• **DATASET EXCERPT**
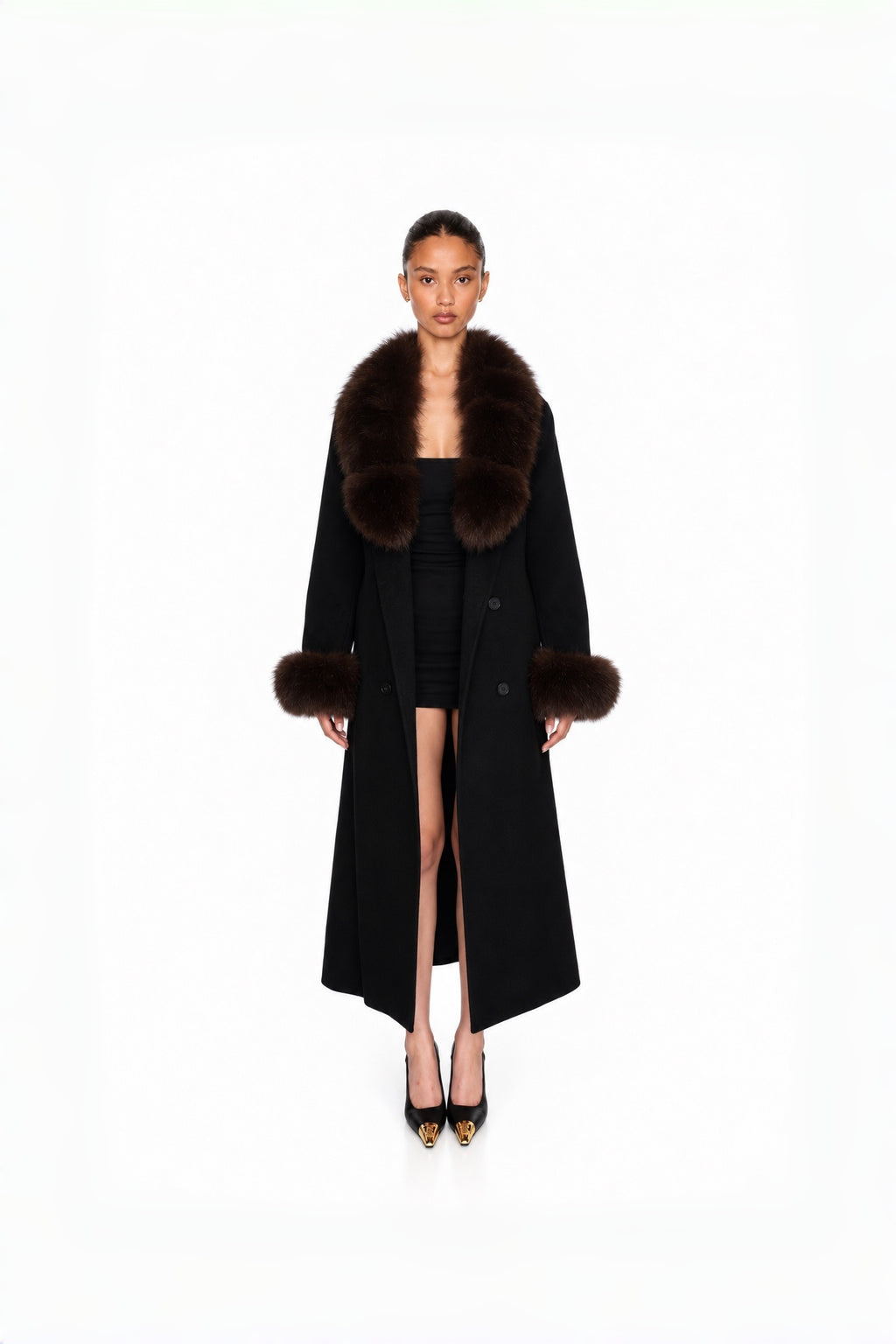 Audrey Fox-Collar Wool Robe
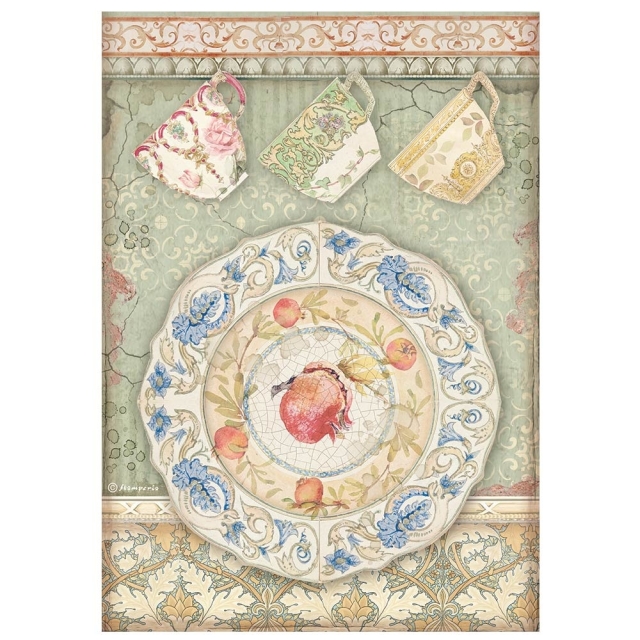 Stamperia A4 Rice Paper Reispapier Casa Granada Plate and Cups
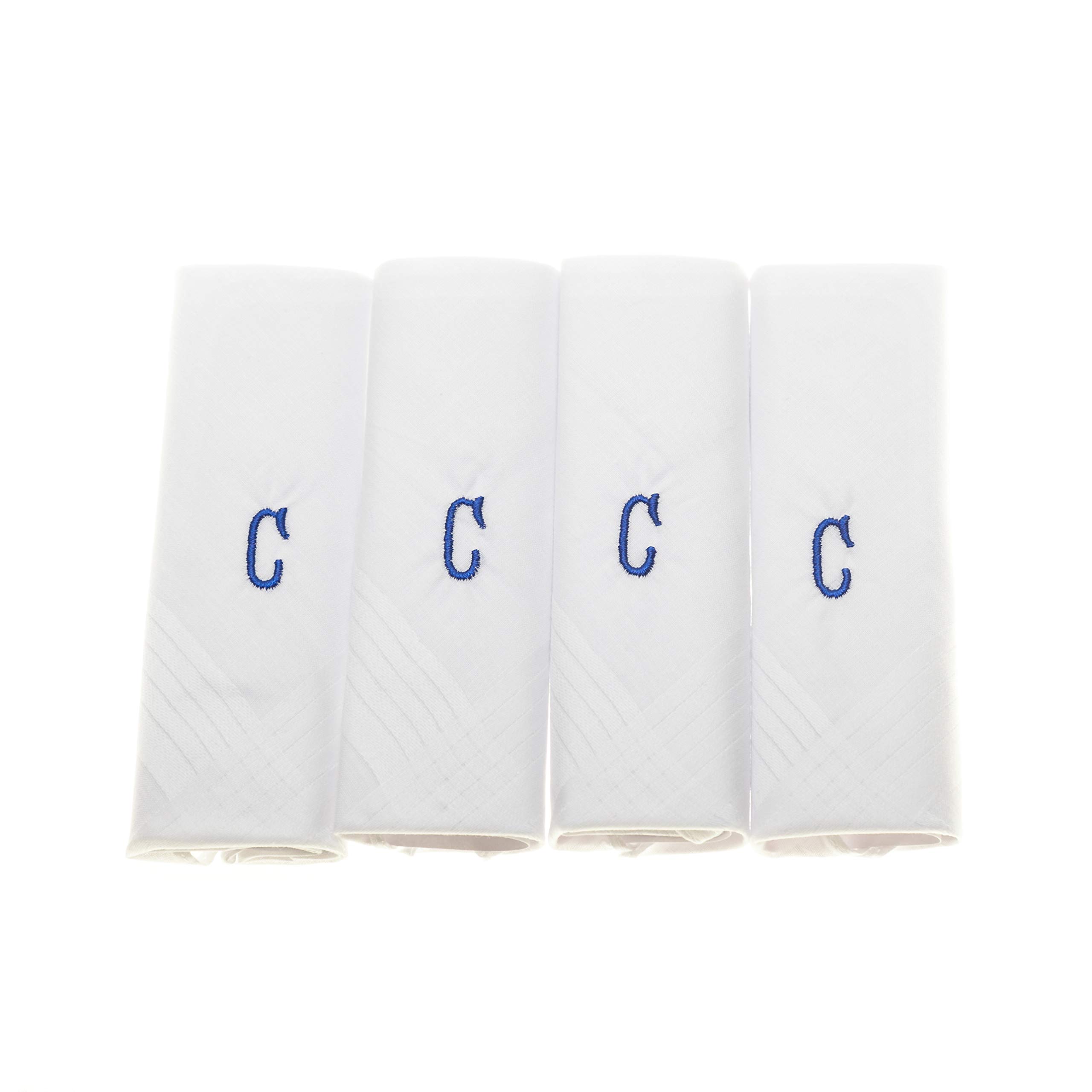 Surf the Shop Mens Initial Handkerchiefs 100% Cotton Cellophane 4 Pack Hankies Letter Silver (4 Pack, Letter C)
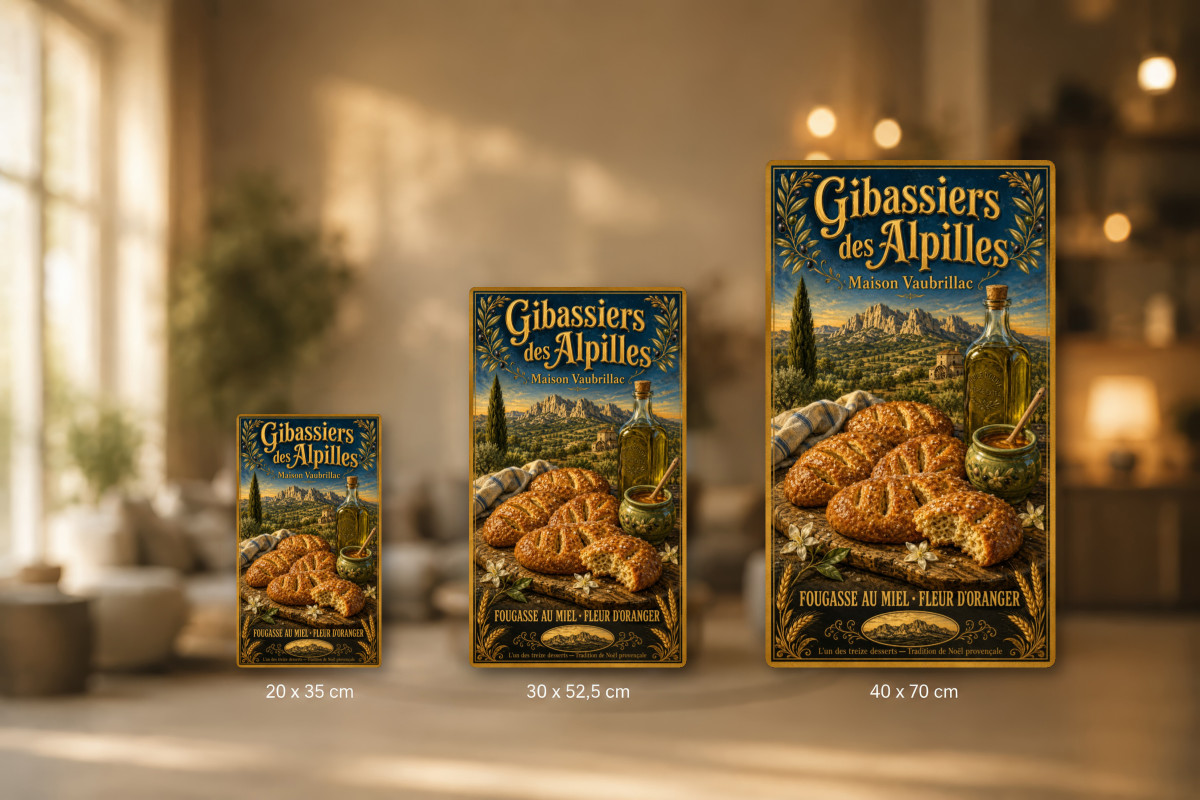 Plaques - décors mêlés #8, Affiche vintage confiserie - Gibassiers des Alpilles - Maison Vaubrillac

• **DIRECTIONS FOR THIS TASK**
All of the material above goes into the copy exactly as is; the pictures do not.

• **EXPECTED ANSWER**
 Audrey Fox-Collar Wool Robe
 Stamperia A4 Rice Paper Reispapier Casa Granada Plate and Cups
 Surf the Shop Mens Initial Handkerchiefs 100% Cotton Cellophane 4 Pack Hankies Letter Silver (4 Pack, Letter C)
 Plaques - décors mêlés #8, Affiche vintage confiserie - Gibassiers des Alpilles - Maison Vaubrillac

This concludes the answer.